DLF Rating Buy: Company’s fortunes on path of revival
DevCo has already achieved positive operational cash flow in Q2FY19 (ahead of earlier estimate of H2FY19) on lower interest outflow post-DCCDL transaction and improved sales momentum. As of Q2FY19, management has ready inventory worth Rs 129 bn (in line with its strategy to sell completed inventory). DLF has Rs 27 bn of receivables, Rs 21 bn of balance cost to complete the projects and inventory.
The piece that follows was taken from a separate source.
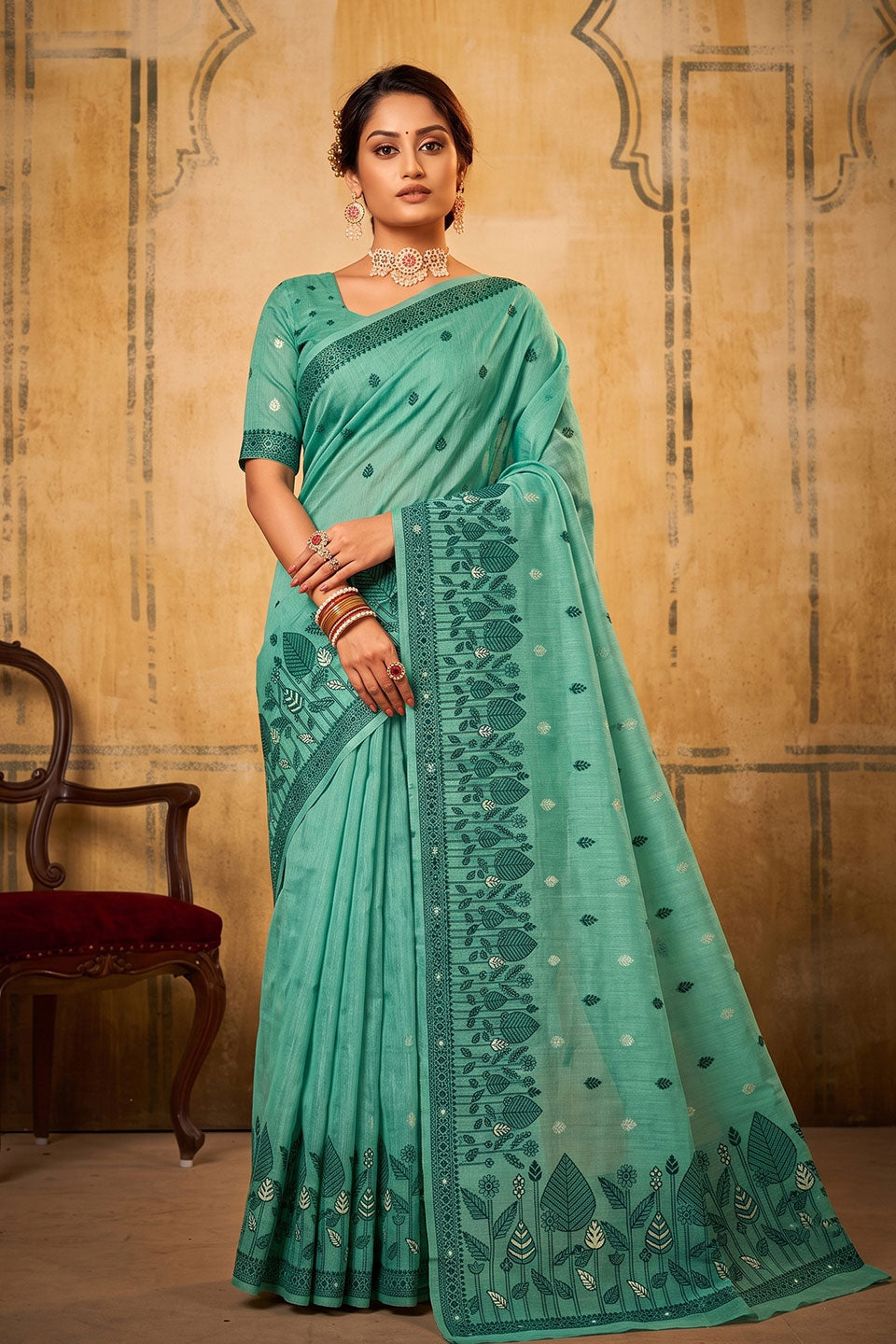 Sea Green Color Glorious Cotton Saree For Festive | Buy Online India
Debt on DevCo has come down to Rs 71 bn from Rs 120 bn in Q2FY18, lowering the annual interest outlay from Rs 13 bn to Rs 7.5 bn, which in turn has also improved the cash flows.
DevCo becoming free cash flow positive FY19 onwards will be a key trigger for rerating (as for many years DevCo has lacked cash flows which led to debt mounting). We believe FCF generation will allay cash flow pressure on residential business and will also advance its plans for newer launches. Re-iterate Buy with SoTP-based target price of Rs 241.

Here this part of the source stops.